Although pictures appear in the data, the answer should contain only the lines from its start through the line with "Rania Riverview Guesthouse", written out exactly.

==========

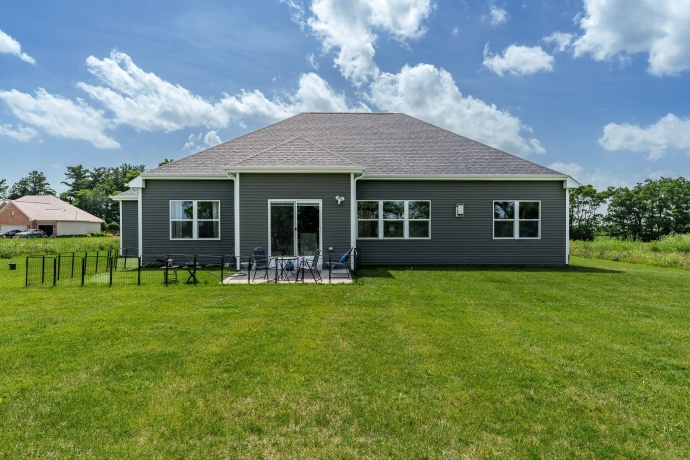 4144 Trimble, ROCKFORD, Illinois 61102, 3 Bedrooms Bedrooms, ,2 BathroomsBathrooms,House,For Sale,Trimble,202603989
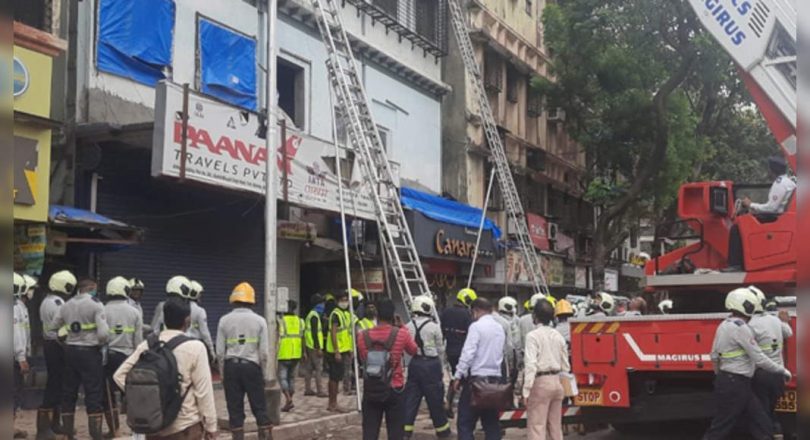 Ceiling of bldg collapses in Mumbai's Fort, 35 rescued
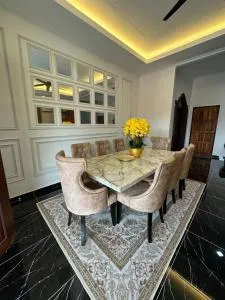 Rania Riverview Guesthouse #BestGuesthouseInTown #SpaciousLivingRoom #ModernClassicConcept #LuxuryDiningset #freeWifi #Netflix #FullyAircond #CozyPrayerSpace - Kampong Bukit Kanchil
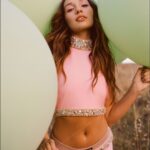 Maddie Ziegler Instagram - the continued story with @cosmopolitan 🧚🏼‍♀️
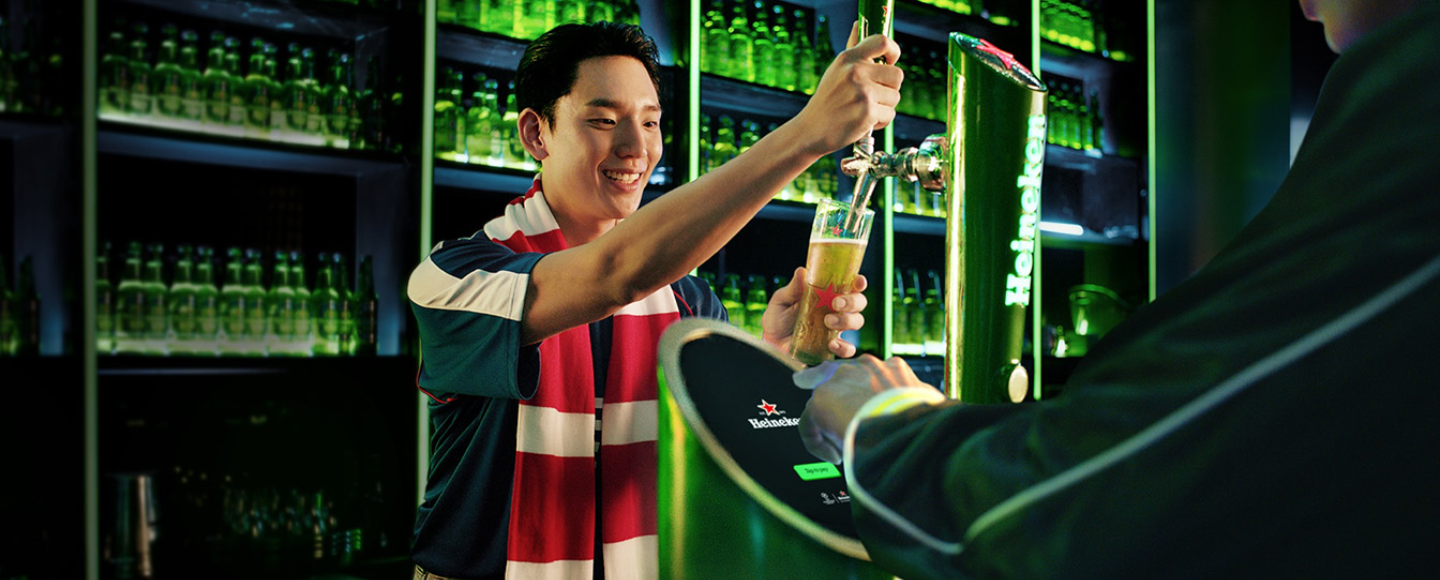 Heineken відкрив «бари довіри» для перегляду ранкових футбольних матчів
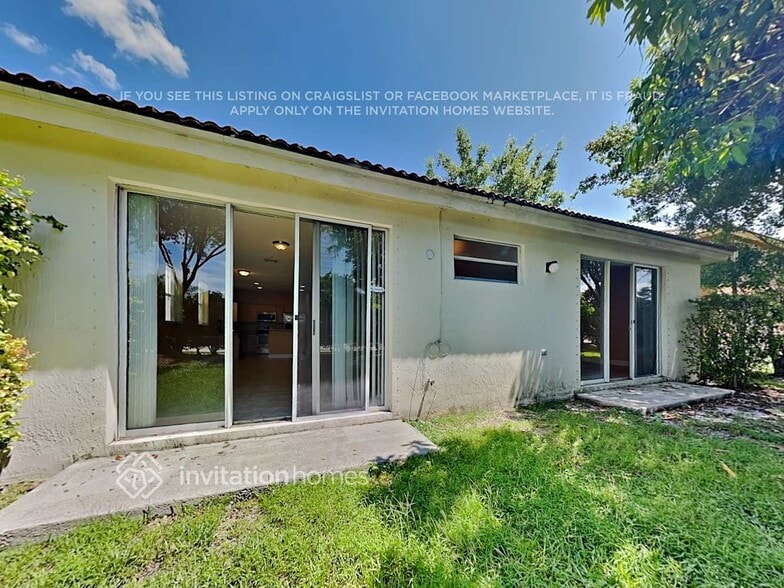 Building Photo - 2266 SW 135th Ave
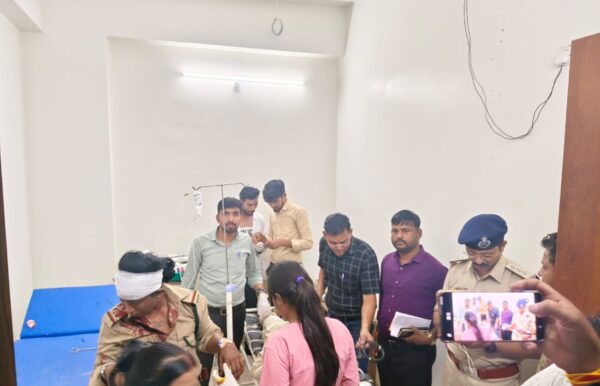 देवास में अतिक्रमण हटाने गई वन टीम पर हमला, 7 वनकर्मी घायल
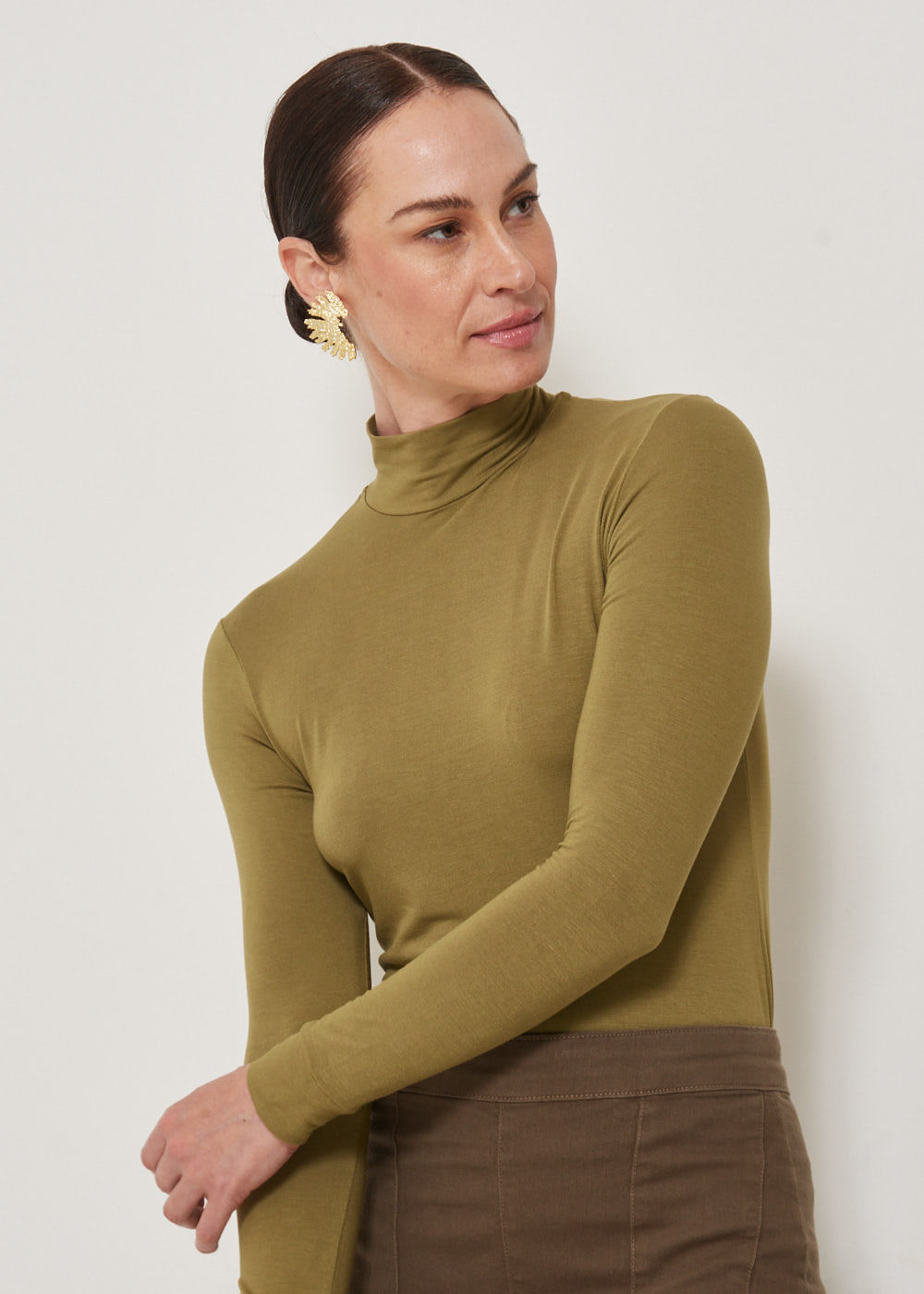 66.10.3302MSG BLUSA MALHA M/LGOLA ALTA BÁSICA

==========

#### Reply to the task
 4144 Trimble, ROCKFORD, Illinois 61102, 3 Bedrooms Bedrooms, ,2 BathroomsBathrooms,House,For Sale,Trimble,202603989
 Ceiling of bldg collapses in Mumbai's Fort, 35 rescued
 Rania Riverview Guesthouse #BestGuesthouseInTown #SpaciousLivingRoom #ModernClassicConcept #LuxuryDiningset #freeWifi #Netflix #FullyAircond #CozyPrayerSpace - Kampong Bukit Kanchil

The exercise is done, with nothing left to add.